Surgical treatment and endarterectomy must be bilateral because this is a bilateral disease in the vast majority of patients. The procedure is conducted with the aid of cardiopulmonary bypass, and the patient is cooled to allow for hypothermic circulatory arrest. Meticulous postoperative management is essential to the success of this surgical procedure.
All patients are mechanically ventilated for at least 24 hours, and all patients are subjected to maintained diuresis. Patients are subject to all complications associated with open-heart and major lung surgery (eg, arrhythmias, atelectasis, wound infection, pneumonia, renal failure, stroke, mediastinal bleeding) but may also develop complications specific to this operation. These include persistent pulmonary hypertension, reperfusion injuries, and neurologic disorders related to hypothermic arrest and deep hypothermia. Reduction in pulmonary pressures, resistance to normal levels, and corresponding improvements in pulmonary blood flow and cardiac output are generally immediate and sustained. In general, these changes can be assumed to be permanent.
Prior to surgery, more than 95% of the patients are in New York Heart Association (NYHA) functional class III or IV. After surgery, 95% of patients remain in NYHA functional class I or II after 1 year. After successful surgery, reduction in pulmonary vascular resistance exceeding 50% is usually seen and translates into improved functional status of the patient, with 6-year postsurgery survival of 75%. After surgery, 93% were in NYHA class I or II, compared with about 95% who were NYHA class II or IV preoperatively.
Medical therapy for patients with CTEPH should be considered in patients in whom PTE is contraindicated because of significant comorbidities or unresectable (distal) chronic thrombus, and in patients who elect not to undergo PTE by personal choice.
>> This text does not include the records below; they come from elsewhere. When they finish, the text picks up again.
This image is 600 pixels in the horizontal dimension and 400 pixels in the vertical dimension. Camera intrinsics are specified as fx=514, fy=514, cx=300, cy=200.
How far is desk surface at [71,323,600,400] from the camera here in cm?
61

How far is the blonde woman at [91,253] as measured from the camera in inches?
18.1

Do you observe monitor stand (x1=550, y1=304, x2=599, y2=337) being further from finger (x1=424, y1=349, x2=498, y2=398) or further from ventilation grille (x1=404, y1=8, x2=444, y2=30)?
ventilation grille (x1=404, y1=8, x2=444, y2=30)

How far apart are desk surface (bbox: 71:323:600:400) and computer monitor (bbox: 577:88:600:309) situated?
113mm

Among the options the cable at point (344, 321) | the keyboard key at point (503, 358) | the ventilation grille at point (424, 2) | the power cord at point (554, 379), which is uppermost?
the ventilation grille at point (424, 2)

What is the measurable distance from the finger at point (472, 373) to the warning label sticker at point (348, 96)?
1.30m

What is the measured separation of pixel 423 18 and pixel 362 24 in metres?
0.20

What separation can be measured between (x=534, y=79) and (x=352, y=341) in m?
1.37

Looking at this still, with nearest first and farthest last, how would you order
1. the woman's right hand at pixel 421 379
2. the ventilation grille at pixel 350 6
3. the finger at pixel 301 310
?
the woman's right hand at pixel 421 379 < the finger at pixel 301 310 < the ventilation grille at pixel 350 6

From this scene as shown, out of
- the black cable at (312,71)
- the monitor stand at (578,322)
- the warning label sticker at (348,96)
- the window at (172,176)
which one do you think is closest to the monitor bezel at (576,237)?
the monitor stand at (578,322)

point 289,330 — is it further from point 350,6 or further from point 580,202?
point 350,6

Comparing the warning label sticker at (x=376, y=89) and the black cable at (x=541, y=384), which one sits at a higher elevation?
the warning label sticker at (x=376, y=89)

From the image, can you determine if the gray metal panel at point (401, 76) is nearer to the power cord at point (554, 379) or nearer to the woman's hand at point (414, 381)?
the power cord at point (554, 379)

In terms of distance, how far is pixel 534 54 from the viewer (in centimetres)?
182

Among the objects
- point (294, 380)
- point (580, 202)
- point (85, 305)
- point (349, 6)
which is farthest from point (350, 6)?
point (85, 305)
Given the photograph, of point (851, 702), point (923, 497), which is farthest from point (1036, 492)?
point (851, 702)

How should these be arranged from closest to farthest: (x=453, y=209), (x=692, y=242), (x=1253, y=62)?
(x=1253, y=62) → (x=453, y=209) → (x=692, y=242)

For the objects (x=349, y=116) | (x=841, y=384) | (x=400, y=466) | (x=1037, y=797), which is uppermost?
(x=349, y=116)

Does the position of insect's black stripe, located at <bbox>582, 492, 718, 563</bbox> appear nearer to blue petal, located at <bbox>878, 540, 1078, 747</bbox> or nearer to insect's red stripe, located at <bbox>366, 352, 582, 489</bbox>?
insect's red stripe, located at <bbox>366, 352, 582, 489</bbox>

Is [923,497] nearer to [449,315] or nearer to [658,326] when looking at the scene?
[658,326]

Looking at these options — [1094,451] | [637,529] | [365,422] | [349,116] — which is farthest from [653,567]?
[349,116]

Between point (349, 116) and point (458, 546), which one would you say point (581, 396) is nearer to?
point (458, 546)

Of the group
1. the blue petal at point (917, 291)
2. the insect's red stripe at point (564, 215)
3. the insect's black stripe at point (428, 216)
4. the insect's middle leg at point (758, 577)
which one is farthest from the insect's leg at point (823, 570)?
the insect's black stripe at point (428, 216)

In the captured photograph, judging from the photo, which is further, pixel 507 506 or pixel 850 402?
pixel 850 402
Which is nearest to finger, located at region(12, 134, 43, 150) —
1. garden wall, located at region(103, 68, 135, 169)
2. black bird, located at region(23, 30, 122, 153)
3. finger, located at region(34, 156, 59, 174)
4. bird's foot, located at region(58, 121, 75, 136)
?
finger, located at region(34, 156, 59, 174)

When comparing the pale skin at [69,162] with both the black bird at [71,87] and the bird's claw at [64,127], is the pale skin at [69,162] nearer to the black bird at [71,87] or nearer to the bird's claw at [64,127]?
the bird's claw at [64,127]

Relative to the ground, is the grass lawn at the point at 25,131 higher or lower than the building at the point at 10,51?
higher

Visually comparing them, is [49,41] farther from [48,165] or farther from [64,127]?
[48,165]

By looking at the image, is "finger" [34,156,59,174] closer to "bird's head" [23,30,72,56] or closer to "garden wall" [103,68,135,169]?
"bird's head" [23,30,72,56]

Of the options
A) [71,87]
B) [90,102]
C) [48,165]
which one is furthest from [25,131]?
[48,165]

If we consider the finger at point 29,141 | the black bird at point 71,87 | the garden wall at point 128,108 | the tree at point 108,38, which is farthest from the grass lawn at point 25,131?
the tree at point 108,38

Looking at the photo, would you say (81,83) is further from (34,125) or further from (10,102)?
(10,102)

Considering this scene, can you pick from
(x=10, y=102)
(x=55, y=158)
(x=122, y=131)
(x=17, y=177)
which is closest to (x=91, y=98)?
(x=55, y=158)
Also, medical therapy is beneficial as a “stabilizing bridge” to surgery to reduce the postoperative mortality risk in patients who have severe pulmonary hypertension and/or right heart failure, and in patients who have residual pulmonary hypertension after surgery. Pulmonary vasodilator therapies used in idiopathic pulmonary arterial hypertension (IPAH) have been evaluated in patients with CTEPH, including prostacyclin analogs, endothelin receptor antagonists, and phosphodiesterase-5 inhibitors. Soluble guanylate cyclase (sGC) stimulators have been approved by US Food and Drug Administration (FDA) for the treatment of IPAH and CTEPH. Lifelong anticoagulation therapy is recommended for all patients with CTEPH, but it does not generally affect the underlying disease process of CTEPH. Lung transplantation can be considered for patients who do not respond to medical therapy or in those whose disease is not amenable to correction by PTE.
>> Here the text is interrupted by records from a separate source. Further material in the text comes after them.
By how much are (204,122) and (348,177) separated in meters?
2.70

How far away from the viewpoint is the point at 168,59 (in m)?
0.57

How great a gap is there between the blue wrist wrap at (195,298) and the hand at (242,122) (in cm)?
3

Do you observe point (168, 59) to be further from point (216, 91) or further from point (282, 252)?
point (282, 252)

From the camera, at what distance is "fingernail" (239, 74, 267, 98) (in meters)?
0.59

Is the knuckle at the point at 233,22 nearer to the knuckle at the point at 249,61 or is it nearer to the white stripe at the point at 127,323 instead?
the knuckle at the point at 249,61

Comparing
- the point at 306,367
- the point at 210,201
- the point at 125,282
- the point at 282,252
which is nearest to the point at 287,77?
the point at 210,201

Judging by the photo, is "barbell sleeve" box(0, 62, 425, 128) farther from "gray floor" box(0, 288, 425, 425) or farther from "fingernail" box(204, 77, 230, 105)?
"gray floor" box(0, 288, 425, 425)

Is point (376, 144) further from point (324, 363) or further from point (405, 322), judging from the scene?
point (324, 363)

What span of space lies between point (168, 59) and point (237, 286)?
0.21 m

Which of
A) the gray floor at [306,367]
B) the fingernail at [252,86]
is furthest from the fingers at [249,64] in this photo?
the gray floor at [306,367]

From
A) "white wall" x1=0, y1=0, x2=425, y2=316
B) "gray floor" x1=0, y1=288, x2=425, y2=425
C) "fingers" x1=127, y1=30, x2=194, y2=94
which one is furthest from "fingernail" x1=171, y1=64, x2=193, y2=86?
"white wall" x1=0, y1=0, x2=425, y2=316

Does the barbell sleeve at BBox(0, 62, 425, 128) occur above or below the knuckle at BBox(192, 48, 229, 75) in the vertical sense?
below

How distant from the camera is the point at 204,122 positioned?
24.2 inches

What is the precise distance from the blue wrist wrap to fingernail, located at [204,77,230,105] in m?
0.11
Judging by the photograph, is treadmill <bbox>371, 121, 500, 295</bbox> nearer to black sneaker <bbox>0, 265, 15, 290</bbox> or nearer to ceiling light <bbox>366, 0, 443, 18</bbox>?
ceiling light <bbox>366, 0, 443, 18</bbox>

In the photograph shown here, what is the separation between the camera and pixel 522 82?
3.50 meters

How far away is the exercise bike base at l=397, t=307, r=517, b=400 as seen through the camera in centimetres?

CTEPH is one of the leading treatable causes of pulmonary hypertension. This case emphasizes the need for clinicians to be aware of CTEPH because its diagnosis is commonly delayed or missed because of the nonspecific nature of its presentation and, sometimes, because of a lack of prior history of acute symptomatic PE or deep vein thrombosis. All clinicians should have a high index of suspicion and consider pulmonary vascular disease (thromboembolic disease/ pulmonary hypertension) in the differential diagnosis of any patient complaining of unexplained persistent dyspnea.
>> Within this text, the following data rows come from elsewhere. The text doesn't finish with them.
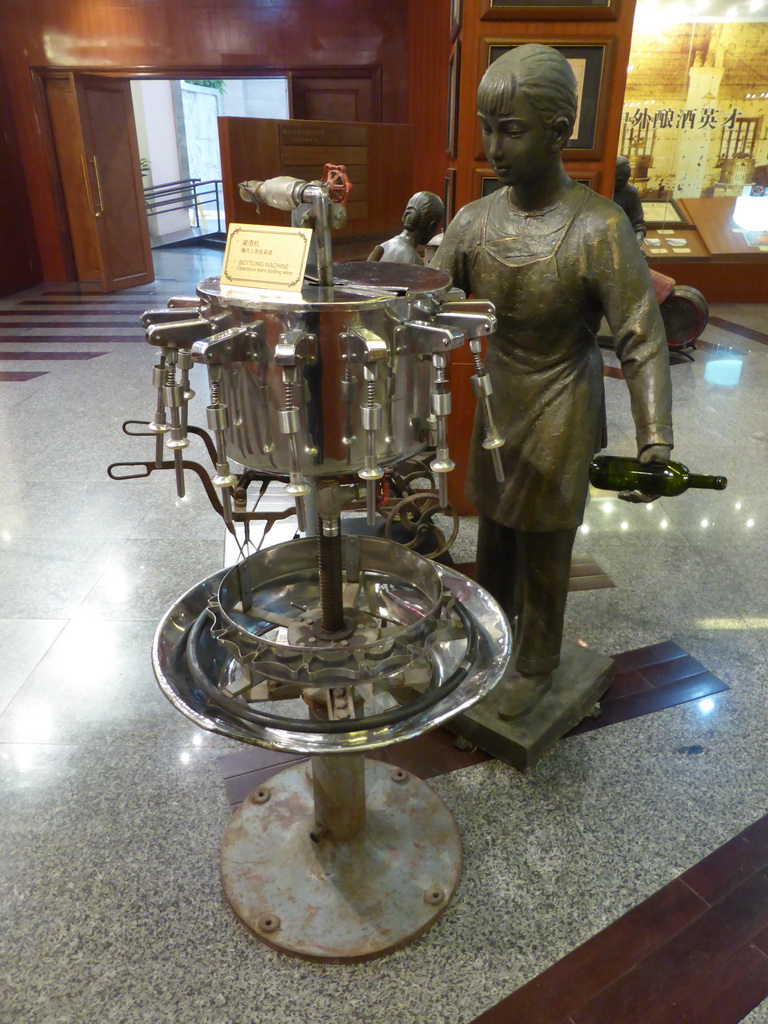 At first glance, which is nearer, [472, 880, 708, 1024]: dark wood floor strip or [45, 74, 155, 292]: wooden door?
[472, 880, 708, 1024]: dark wood floor strip

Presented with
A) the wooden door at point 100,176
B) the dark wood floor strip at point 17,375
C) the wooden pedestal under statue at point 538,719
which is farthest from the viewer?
the wooden door at point 100,176

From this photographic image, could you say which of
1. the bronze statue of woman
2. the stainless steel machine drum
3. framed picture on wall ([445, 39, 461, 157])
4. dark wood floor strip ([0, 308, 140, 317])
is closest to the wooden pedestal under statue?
the bronze statue of woman

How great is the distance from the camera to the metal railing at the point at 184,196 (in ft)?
43.8

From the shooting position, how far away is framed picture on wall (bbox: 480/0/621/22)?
8.21 ft

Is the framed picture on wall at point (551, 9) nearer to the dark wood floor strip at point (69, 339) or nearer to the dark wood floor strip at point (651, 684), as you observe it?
the dark wood floor strip at point (651, 684)

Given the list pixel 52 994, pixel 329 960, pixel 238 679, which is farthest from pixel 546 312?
pixel 52 994

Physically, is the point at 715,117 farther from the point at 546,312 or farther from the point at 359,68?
the point at 546,312

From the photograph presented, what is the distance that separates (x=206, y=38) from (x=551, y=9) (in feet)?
21.8

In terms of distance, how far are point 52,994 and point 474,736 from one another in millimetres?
1153

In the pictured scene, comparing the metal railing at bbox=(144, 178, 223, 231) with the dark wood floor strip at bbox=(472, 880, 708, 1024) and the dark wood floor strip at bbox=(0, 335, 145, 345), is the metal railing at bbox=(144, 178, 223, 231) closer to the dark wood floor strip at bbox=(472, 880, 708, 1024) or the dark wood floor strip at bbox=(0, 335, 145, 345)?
the dark wood floor strip at bbox=(0, 335, 145, 345)

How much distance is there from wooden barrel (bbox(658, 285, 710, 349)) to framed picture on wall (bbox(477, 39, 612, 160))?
344 centimetres

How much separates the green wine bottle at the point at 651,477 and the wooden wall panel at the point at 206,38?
281 inches

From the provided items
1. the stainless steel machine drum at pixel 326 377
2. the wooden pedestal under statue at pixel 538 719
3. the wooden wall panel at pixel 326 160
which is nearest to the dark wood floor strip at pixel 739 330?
the wooden wall panel at pixel 326 160

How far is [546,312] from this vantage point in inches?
59.9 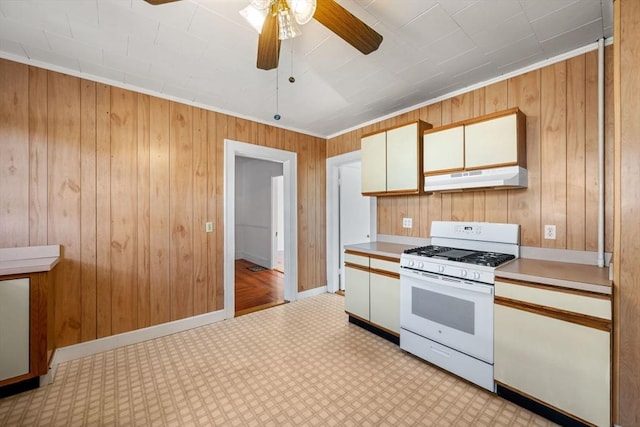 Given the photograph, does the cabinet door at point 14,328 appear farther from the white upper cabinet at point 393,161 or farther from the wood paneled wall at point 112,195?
the white upper cabinet at point 393,161

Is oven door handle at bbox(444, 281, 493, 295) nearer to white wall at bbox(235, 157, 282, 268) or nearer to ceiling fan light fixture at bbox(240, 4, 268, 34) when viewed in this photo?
ceiling fan light fixture at bbox(240, 4, 268, 34)

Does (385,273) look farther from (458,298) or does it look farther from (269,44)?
(269,44)

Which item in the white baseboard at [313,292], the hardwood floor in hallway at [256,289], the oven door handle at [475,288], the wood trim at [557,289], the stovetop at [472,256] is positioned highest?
the stovetop at [472,256]

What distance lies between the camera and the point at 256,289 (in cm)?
443

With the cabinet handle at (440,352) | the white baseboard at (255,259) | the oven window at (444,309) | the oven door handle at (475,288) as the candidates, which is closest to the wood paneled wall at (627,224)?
the oven door handle at (475,288)

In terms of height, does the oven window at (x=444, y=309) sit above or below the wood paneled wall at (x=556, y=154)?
below

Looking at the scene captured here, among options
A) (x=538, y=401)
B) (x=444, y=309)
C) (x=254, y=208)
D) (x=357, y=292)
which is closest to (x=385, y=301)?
(x=357, y=292)

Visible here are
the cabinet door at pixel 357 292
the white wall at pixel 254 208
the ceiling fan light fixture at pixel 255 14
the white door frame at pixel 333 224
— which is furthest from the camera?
the white wall at pixel 254 208

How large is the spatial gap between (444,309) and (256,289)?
3110 mm

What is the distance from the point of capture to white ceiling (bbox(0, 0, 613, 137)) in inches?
63.7

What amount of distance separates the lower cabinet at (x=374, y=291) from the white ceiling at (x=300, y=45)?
1749 mm

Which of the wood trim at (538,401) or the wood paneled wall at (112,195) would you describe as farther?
the wood paneled wall at (112,195)

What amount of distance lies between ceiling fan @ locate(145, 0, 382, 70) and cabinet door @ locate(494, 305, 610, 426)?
1921 mm

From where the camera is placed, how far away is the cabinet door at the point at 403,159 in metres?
2.72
The patient in this case was admitted and started on anticoagulation (heparin and warfarin) and an inferior vena cava filter was placed. He was evaluated by a thoracic surgeon with expertise in CTEPH and offered PTE, but he refused. He was also evaluated by a pulmonary hypertension specialist who started him on intravenous epoprostenol and bosentan for his elevated pulmonary pressures. After achieving a therapeutic international normalized ratio, the patient was discharged to follow-up with the pulmonary hypertension clinic. After 2 months of medical therapy, the patient's dyspnea moderately improved.